Quarante ans après la découverte du virus responsable du sida en 1983 à l’Institut Pasteur, 38,4 millions personnes vivaient dans le monde avec le VIH en 2021[1]. Seulement 2 cas de guérison ont été décrits jusqu’à présent : le patient de Berlin en 2009 et le patient de Londres en 2019. Aujourd’hui, le consortium IciStem, dont fait partie l’équipe d’Asier Sáez-Cirión à l’Institut Pasteur, en collaboration avec l’hôpital universitaire de Düsseldorf (Allemagne), l’université d’Hambourg (Allemagne), l’université d’Utrecht (Pays-Bas) et l’Institut de recherche sur le sida IrsiCaixa (Espagne), présente un nouveau cas de probable guérison du VIH, suite à une greffe de moelle osseuse issue d’un donneur portant la mutation génétique CCR5 delta-32, connue pour protéger naturellement du VIH. Cet homme, suivi à Düsseldorf, a reçu une greffe de cellules souches pour traiter une leucémie, puis a pu interrompre son traitement antirétroviral contre le VIH de manière supervisée. Quatre ans plus tard, plus aucun virus du VIH n’est détectable dans son organisme. Cette étude apporte une preuve supplémentaire qu’il existe une possibilité de guérir du VIH et propose de nouvelles perspectives thérapeutiques aux scientifiques et cliniciens qui se consacrent à la lutte contre ce virus depuis 40 ans. Ces travaux sont publiés le 20 février dans Nature Medicine.
Le consortium IciStem, dont l’Institut Pasteur est partenaire, décrit le troisième cas de guérison probable de l’infection par le VIH dans le monde.

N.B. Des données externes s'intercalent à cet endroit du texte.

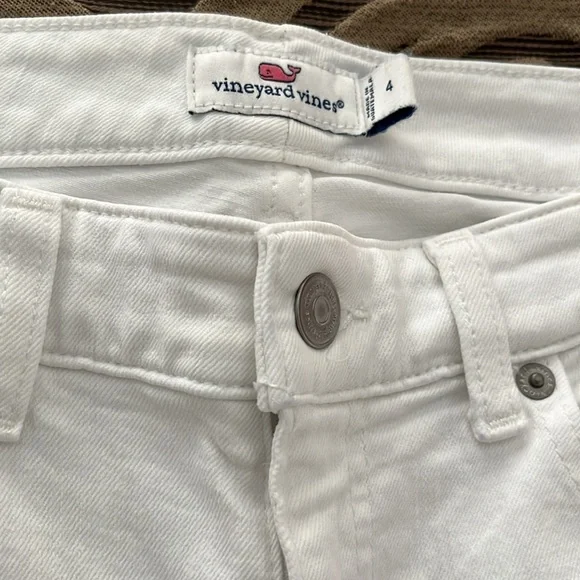 Vineyard vines white jeans! - Picture 2 of 8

Il s’agit d’un homme dont le traitement antirétroviral a été suspendu sous surveillance, après avoir subi une greffe de cellules souches pour traiter une leucémie. Dans leurs analyses, les chercheurs n’ont trouvé ni de particules virales, ni de réservoir viral activable, ni de réponses immunitaires contre le virus dans l’organisme de cette personne malgré l’arrêt du traitement depuis 4 ans. Preuve qui permet à l’équipe scientifique de considérer le cas du « patient de Düsseldorf » comme un cas de probable guérison de l’infection par le VIH.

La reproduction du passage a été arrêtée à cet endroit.